As a teacher and former voice and dialect coach at the Royal Shakespeare Company, U.K. native Neil Swain knows his way around a variety of British accents. For “The Favourite,” he was tasked not only with helping Emma Stone match the sound of her English co-stars, but also finding a commonality in the film’s accents that suited director Yorgos Lanthimos’ needs even if they weren’t necessarily faithful to the place and time in which its events take place. “Historically speaking, if we’re being accurate, the accent in ‘The Favourite’ wouldn’t have really existed in that form during this time,” Swain says. “But we wanted to find an accent that had a taste of a particular class and background, so we decided to go with received pronunciation [RP], and then it was very much about bringing people together, really.
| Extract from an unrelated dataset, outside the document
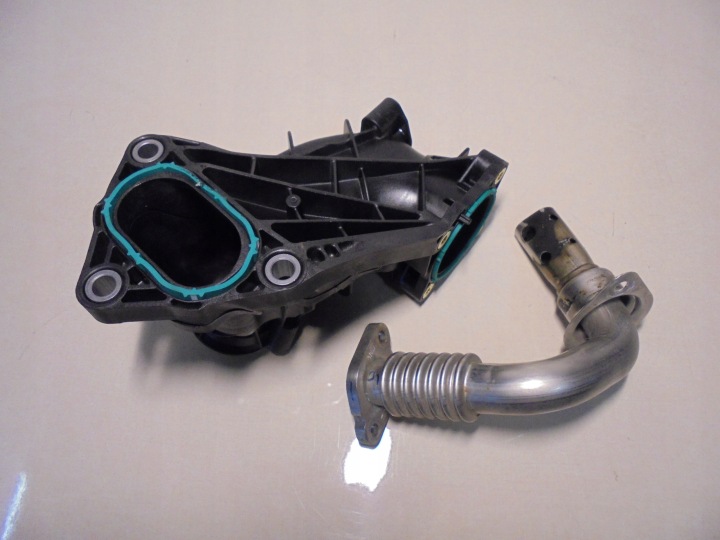 COLLECTEUR ADMISSION 2.0 DIESEL PANTHER TRANSIT 16-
“Olivia has essentially kind of an RP accent, but Rachel comes from north London and lived in America for a long time,” he says of co-leads Olivia Colman and Rachel Weisz. “So she did come to me every so often and say, ‘If you hear some of my sounds going back to my native roots or even American, let me know.’”

Stone, conversely, had developed an English accent for her role on stage in “Cabaret,” but threw herself into the process of transforming herself in much the same way her character attempts to in the film. “She made a point of coming over to England to give herself enough time to adequately kind of work and rehearse, and we went through all of the sounds before we started to really work on the script.”

“She did such a great job of being English, and being an English woman of a certain class who was down on her luck, and that’s much more than just a combination of sounds.”

Stone perhaps reflexively credited Swain for the comfort that she eventually felt in the role and particularly with this foreign accent. “Thanks to Neil, I learned to relax into the accent in a way I didn’t know I’d be fully capable of,” she says. “He empowered me to feel very free within the dialect, and helped me shape which words were most impactful and how my dialogue would further the story. I felt like he gave me the tools to feel like myself, born in another time and country, and speak fluidly and confidently.”

For Julian Schnabel’s intimate, anachronistic “At Eternity’s Gate,” star Willem Dafoe elected not to work with a dialect coach because he and the filmmaker wanted their portrait of Vincent Van Gogh to focus on the man and the painter instead of his actual history, or the myth that has grown around it. But the multiple Academy Award nominee says he always employs an accent judiciously to ensure that it serves the film rather than the actor himself.

“Sometimes an accent can be wonderful. It can be the key to the character. But others, it can be showtime. It can take you away from the reality of the movie. So it’s kind of an instinctive thing, and then of course you consult with the director to really make the final call,” he says.

“In principle, every time out you try to abandon things you’ve done before and kind of make it fresh,” Dafoe says simply. “Otherwise you’re not treating it in the way that you want to be free. You have to find out what gets you to that character’s truth as opposed to becoming either a caricature or something that takes you away from what’s happening in the film. Disappearing into the action of the film is what you want to happen.”